Jordan fury over Bostock fee
Simon Jordan says it is 'scandalous' that a tribunal has decided Spurs should pay £700,000 for John Bostock.
Last Updated: 09/07/08 9:23am
Crystal Palace chairman Simon Jordan says it is 'scandalous' that a tribunal has decided Tottenham Hotspur should pay £700,000 for John Bostock.
Teenage midfielder Bostock accepted a move to White Hart Lane in May, but a fee had to be settled by a tribunal after the two clubs were unable to agree on a figure.
Jordan wanted an initial £2million, rising by a further £2.5m, for the 16-year-old, but is unhappy with the tribunal's verdict.
Spurs will stump up £700,000 now, while the sum could eventually climb to £1.25million depending upon appearances.

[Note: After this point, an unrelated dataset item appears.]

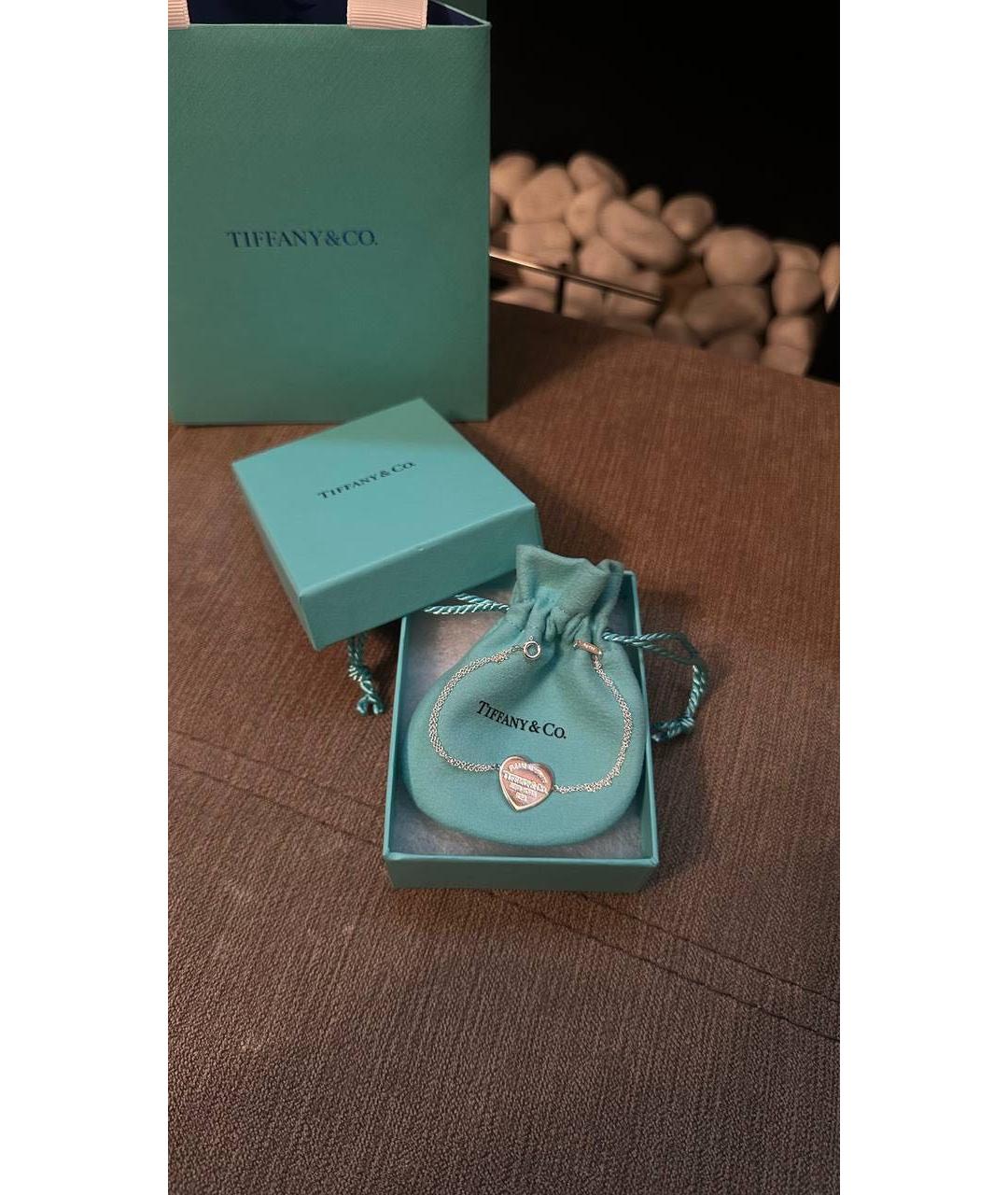 TIFFANY&CO Серебрянный серебряный браслет, фото 2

The decision has infuriated Jordan, with the Palace chairman feeling he had not put an unrealistic value on Bostock.
"I feel mugged and brutalised, it is scandalous, and this sends a message to smaller clubs," said Jordan in The Times. "Why bother to bring players through if tribunals cannot reflect the work that has gone in?"

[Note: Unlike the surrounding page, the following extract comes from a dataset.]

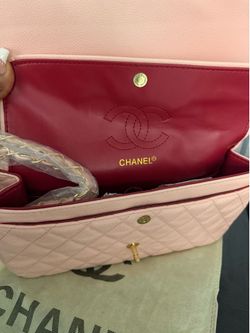🖤 Chanel Style Quilted Flap Bag – Classic Baby Pink & Gold ✨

He added in the Daily Mail: "For a tribunal to reward a purportedly bigger football club in Tottenham to take one of the most gifted young English players in the country for a sum of £700,000 is nothing short of scandalous.
"You get players like Aaron Ramsey, who has gone for £5m from Cardiff to Arsenal because that is the UK transfer market.

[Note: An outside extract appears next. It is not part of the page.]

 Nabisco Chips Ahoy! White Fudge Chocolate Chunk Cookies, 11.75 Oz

"The tribunal, in my view, are supposed to reflect the conditions of the transfer market place. And they came up with a figure of £700,000 for a player who has captained his country at Under 17 level, who is perceived to be one of the best youngsters in the country and is being chased by Barcelona, Arsenal, Manchester United and Chelsea.
"We had a £900,000 offer from Chelsea when he was 14 which we turned down. It's beyond me and it makes me question why I bother with football.
"I have an academy who have produced a world-class footballer for someone else and got paid two-and-sixpence for it. We weren't unrealistic - we didn't try to be clever and put a value of £5m on the player.
"We simply said this is what the player is worth, these are the reasons why he is worth it and all we wanted was a fair and equitable outcome."